In Nürnberg hinterließ das Unternehmen seine Spuren in Gestalt eines „Verkaufskontors“, den es 1958 in der Fürther Straße 84 eröffnete. Schon lange vor dem Krieg hatte Hoechst damit begonnen, ein Netz von Verkaufsstellen zu errichten, durch das es seine Produkte (Farben, Reinigungsmittel, und so weiter) direkt vertreiben konnte. Die meisten von ihnen entstanden jedoch erst in den Nachkriegsjahren, etwa in Frankfurt am Main, Mannheim und München.

Heute herrscht vermeintlich tote Hose am und im Hoechst-Gebäude. Tatsächlich nutzt der IT-Dienstleister Datev einen Teil des Komplexes als Bürogebäude.

Heute herrscht vermeintlich tote Hose am und im Hoechst-Gebäude. Tatsächlich nutzt der IT-Dienstleister Datev einen Teil des Komplexes als Bürogebäude. © Sebastian Gulden

Die Gestaltung der Neubauten war jeweils individuell und lag zumeist in Händen renommierter Architekten aus der Region. Gemein war ihnen die funktionale Formensprache, die den Industrie- und Gewerbebau der Wirtschaftswunderzeit dominierte.
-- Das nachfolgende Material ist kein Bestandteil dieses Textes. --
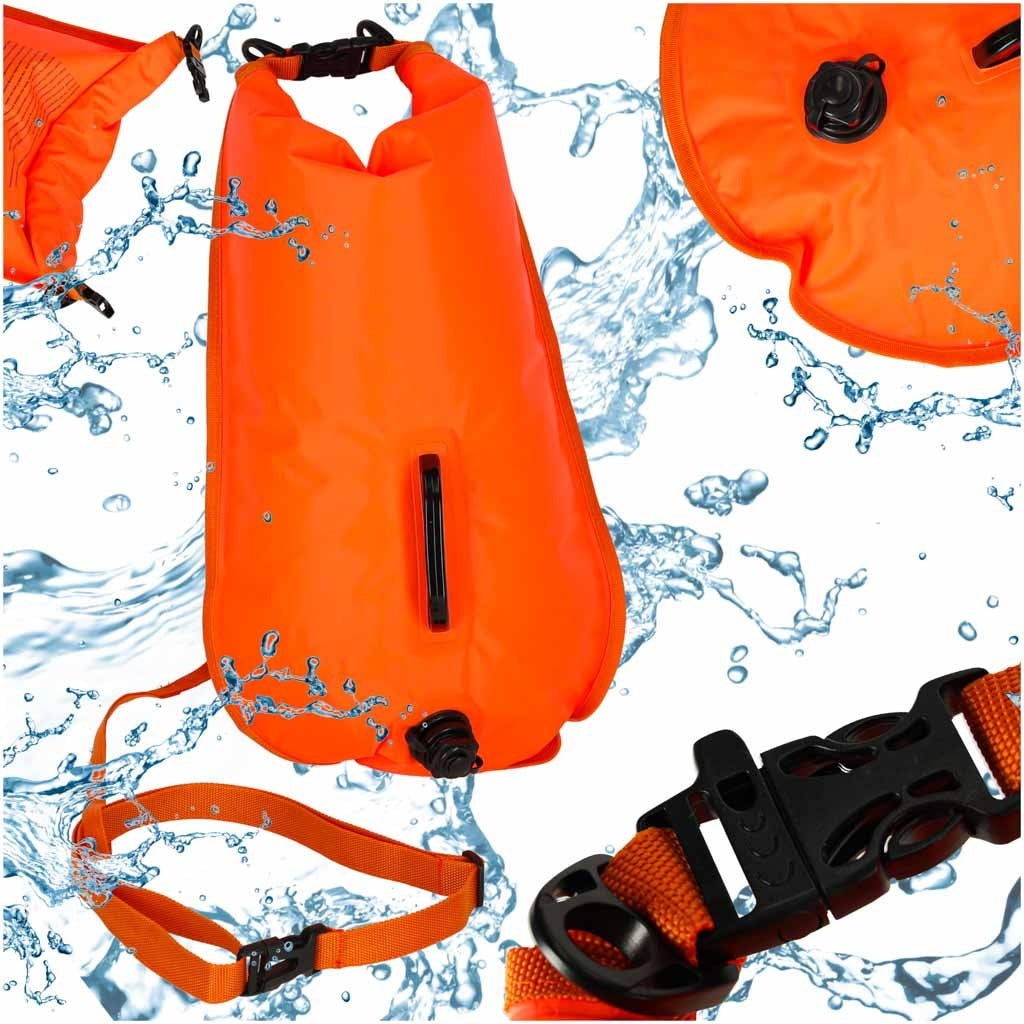 Swimming Buoy with Dry Pocket & Whistle, 28L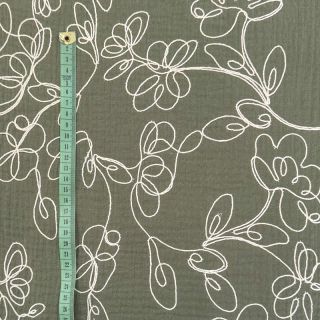 Dvostruka gaza/muslin EMBROIDERY Climbing flowers pickle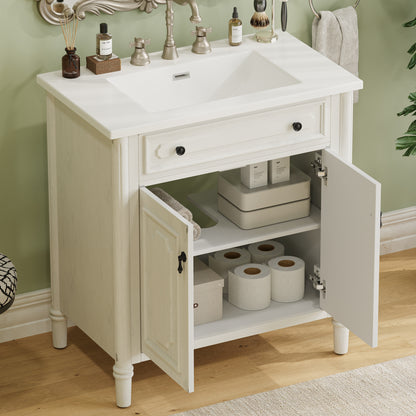 Kizzo 31" Vintage Bathroom Vanity with Sink, Rustic Bathroom Cabinet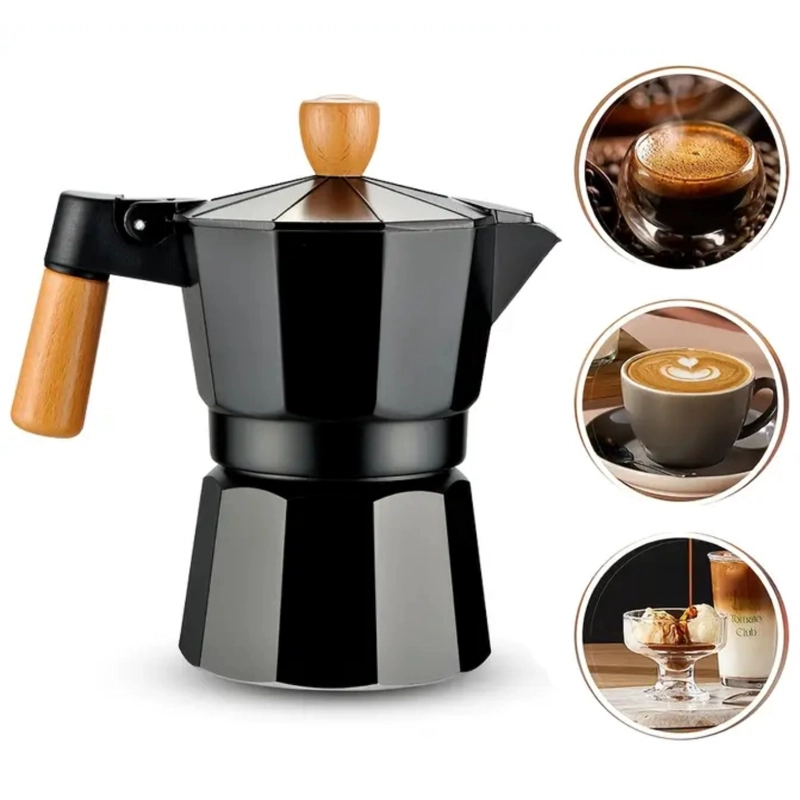 CAFETERA MOKA ITALIANA 3 TAZAS - 150ML NEGRO ELEGANTE - 1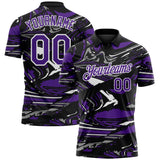 Custom Black Purple Gray-White 3D Pattern Abstract Fluid Marble Performance Polo Shirt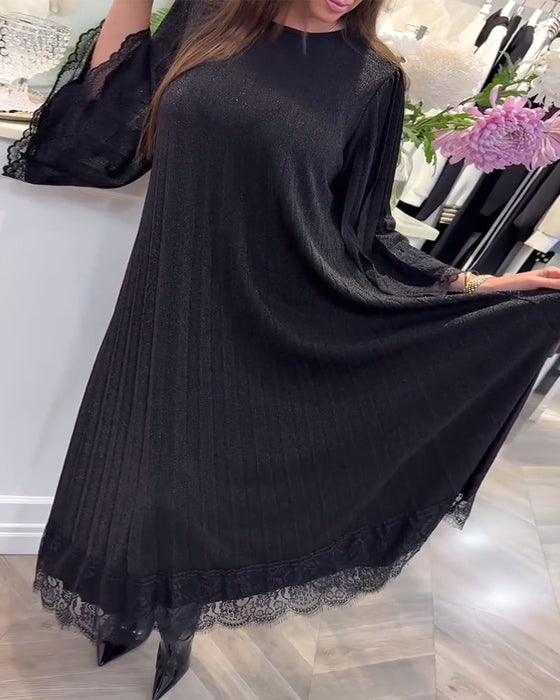 Jurk Ronde Hals Losse Kanten Patchwork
In Nürnberg zeichnete Friedrich Seegy, Sohn des städtischen Oberbaurates Otto Seegy und Erbauer des Flughafens, des Neuen Gymnasiums und des Bratwursthäusles bei St.  Sebald, für die Planung verantwortlich.

Der repräsentative Gebäudeteil an der Fürther Straße, mit ausladendem Vordach und Kundenparkplätzen, enthielt neben den Verkaufsräumen einen Vortragssaal für Veranstaltungen mit Vertretern und Großkunden, einen hauseigenen Imbiss und Verwaltungsbüros.
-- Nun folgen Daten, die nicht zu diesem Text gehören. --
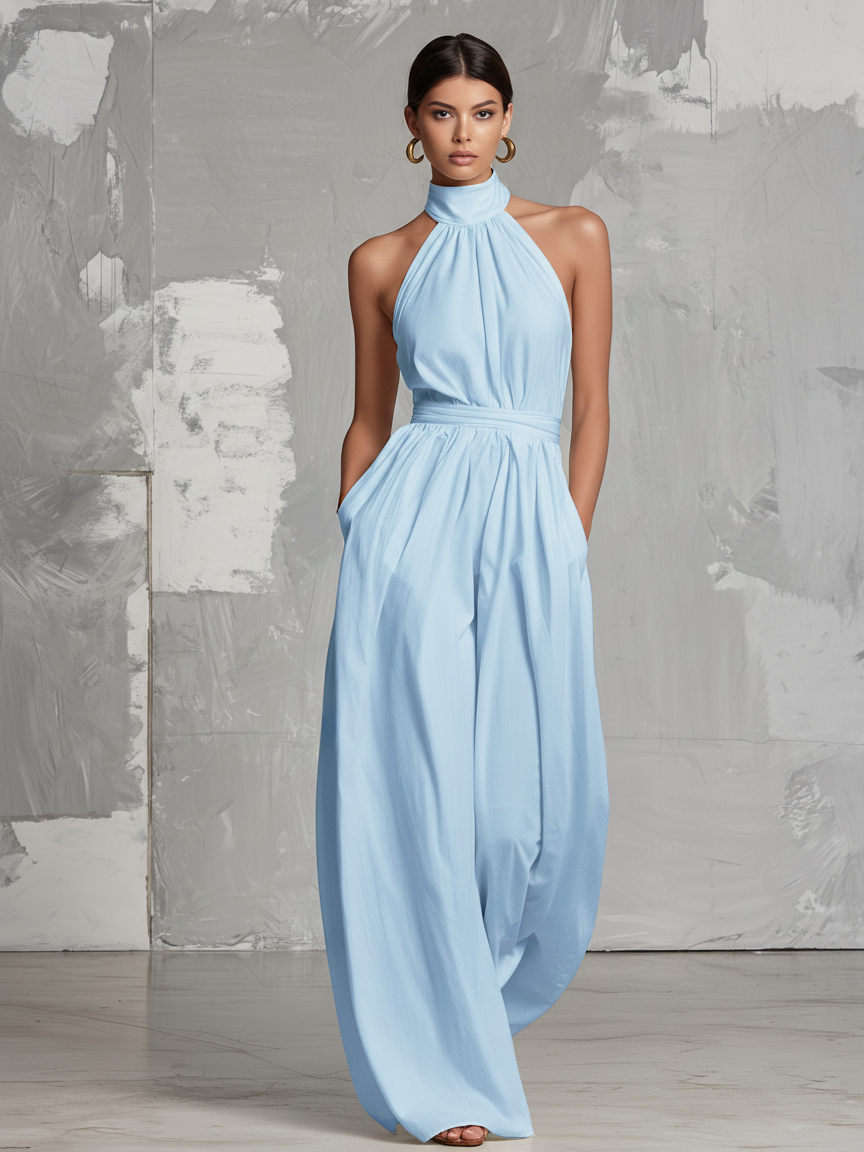 Amelie | Mono Elegante Sin Mangas con Cuello Halter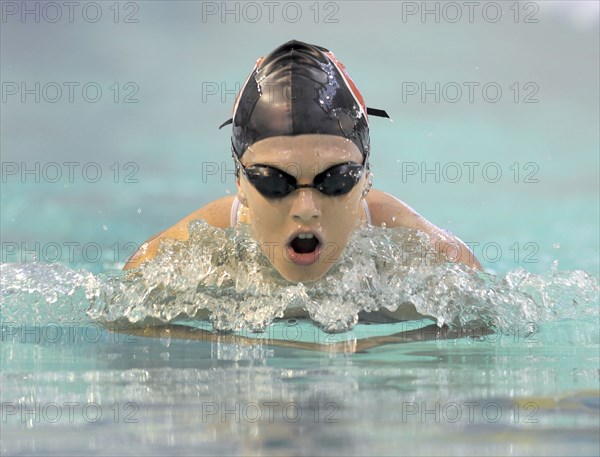 SPORT, Watersport, Swimming, "Womens Breast Stroke, Head on shot of swimmer. "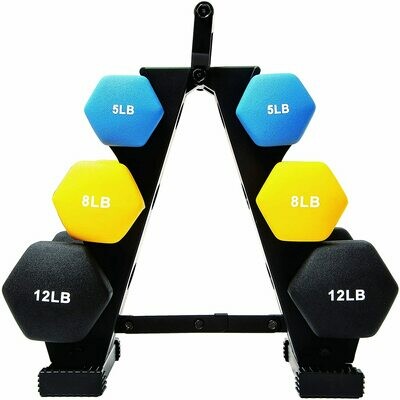 Colored Neoprene Coated Dumbbell Set with Stand 50LB SET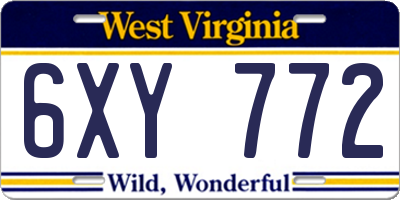 WV license plate 6XY772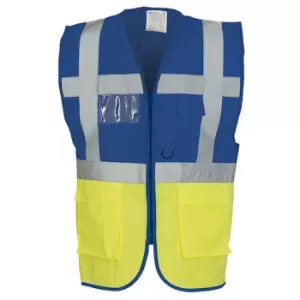 Yoko Hi-Vis Premium Executive/Manager Waistcoat / Jacket (Pack of 2) (L) (Hi Vis Yellow/Royal Blue)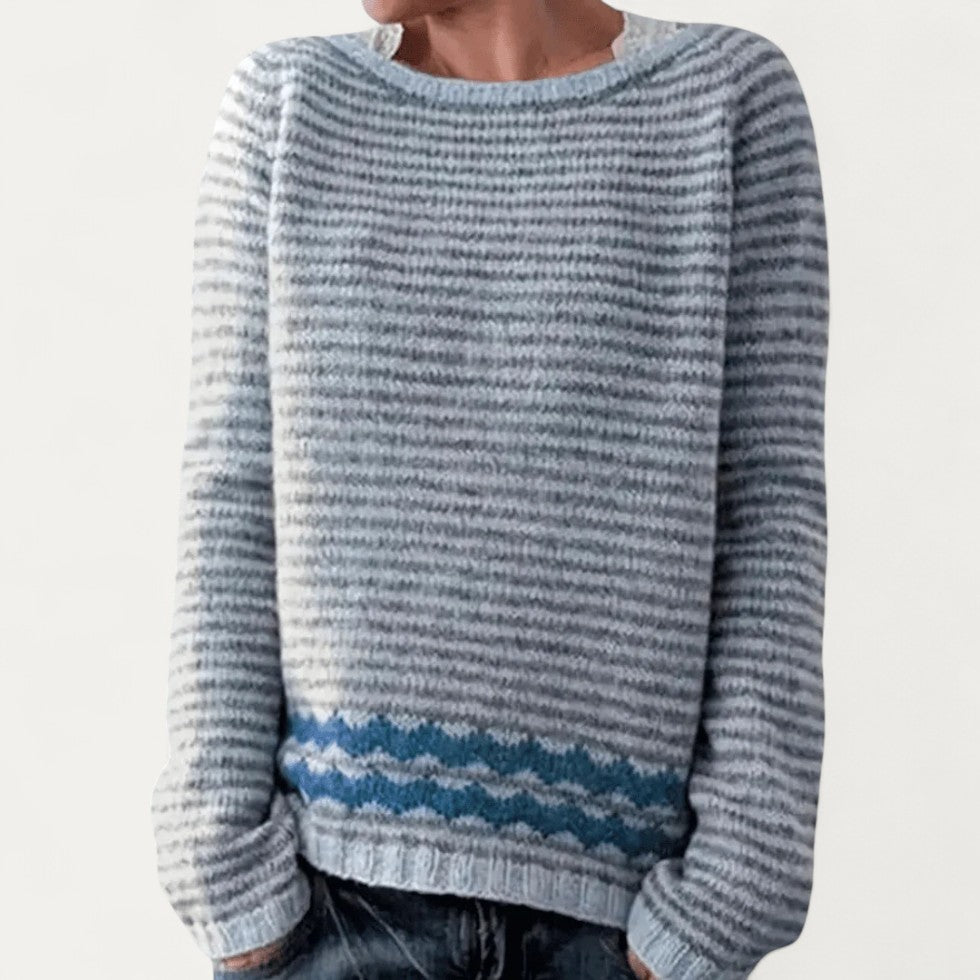 Ladies Classic Patterned Crew Sweater - OutfitLondon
Very british! Die Steinleins gönnten sich ein Verwaltungsgebäude im Stil der Neugotik, hier auf einer Fotografie von 1927.

Very british! Die Steinleins gönnten sich ein Verwaltungsgebäude im Stil der Neugotik, hier auf einer Fotografie von 1927. © Gebr. Steinlein (Sammlung Sebastian Gulden)
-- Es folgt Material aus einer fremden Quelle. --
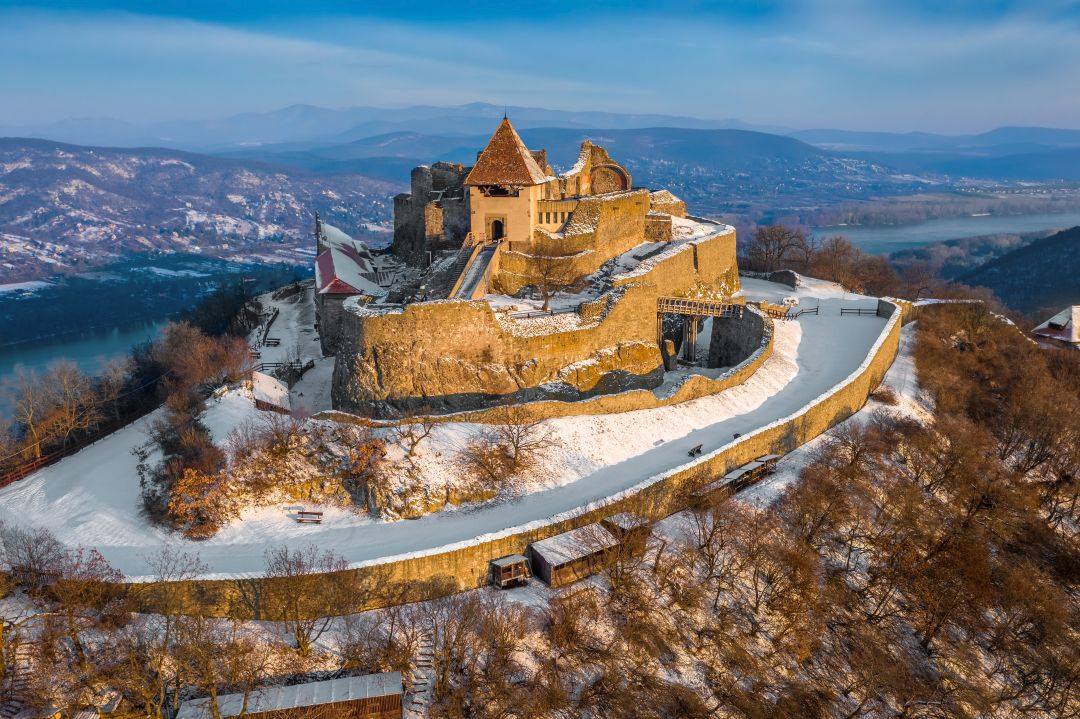 dvorac, zima, Višegrad, Mađarska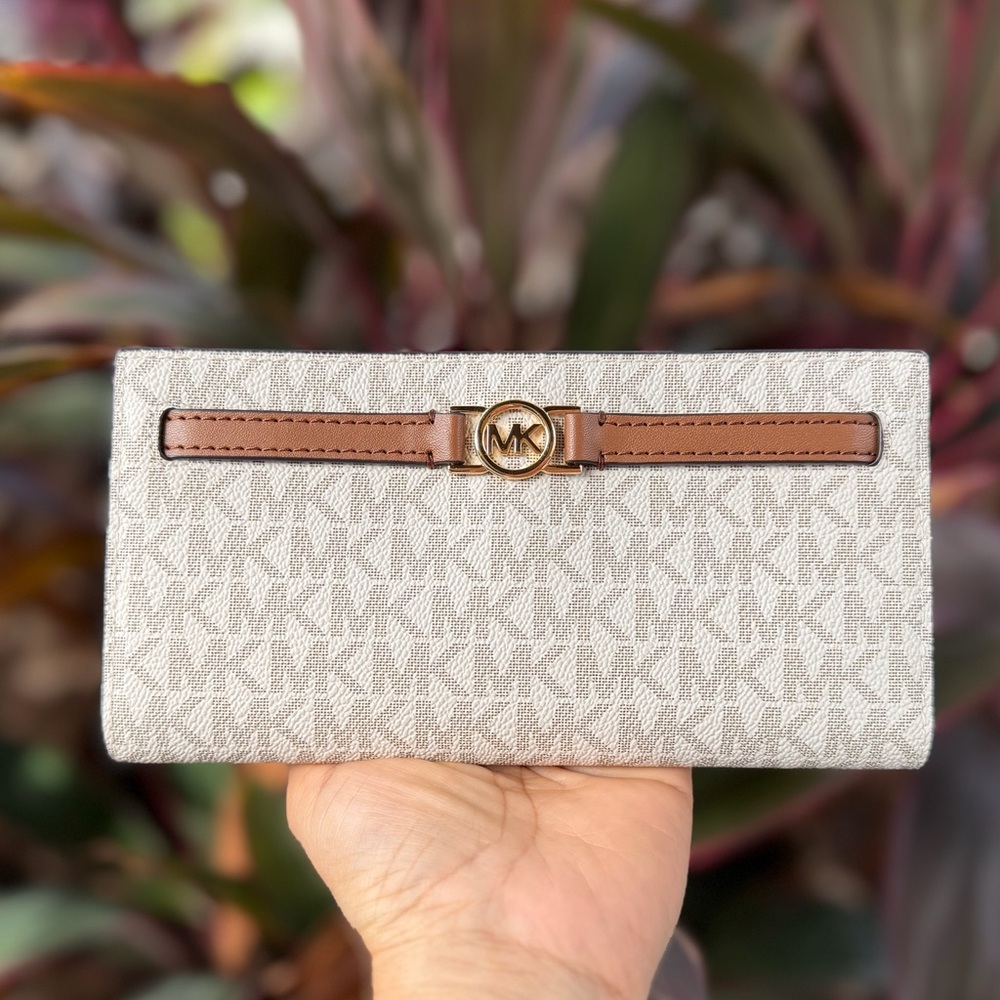 Michael Kors Jet Set Reed LG Bifold Wallet MK Vanilla/Brown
Dass das Grundstück gen Norden bis an die Bärenschanzstraße heranreichte, erleichterte die Anlieferung zum Warenlager, das sich gemeinsam mit der Wohnung des Hausmeisters in einem rückwärtigen Flügel befand. Genauso wie die Hoechst AG selbst ist der Verkaufskontor inzwischen Geschichte. Heute nutzt der IT-Dienstleister Datev das Gebäude unter der internen Bezeichnung „Standort Bärenschanze“.

Als betont kubischer Stahlbetonskelettbau mit Verkleidung aus Basaltlava- und Mainsandsteinplatten und seiner von der Straße weit zurückgesetzten Lage, hebt sich der Kontor aus dem Ensemble der verspielten historistischen Nachbarhäuser der Zeit um 1900 heraus.

Tatsächlich war der Baugrund vorne an der Fürther Straße bis 1958 unbebaut; Architekt Hans Müllers Plan von 1925, der dort einen „Lückenfüller“ in Form eines großen Mietshauses mit luxuriösen Wohnungen vorsah, kam nie zur Umsetzung.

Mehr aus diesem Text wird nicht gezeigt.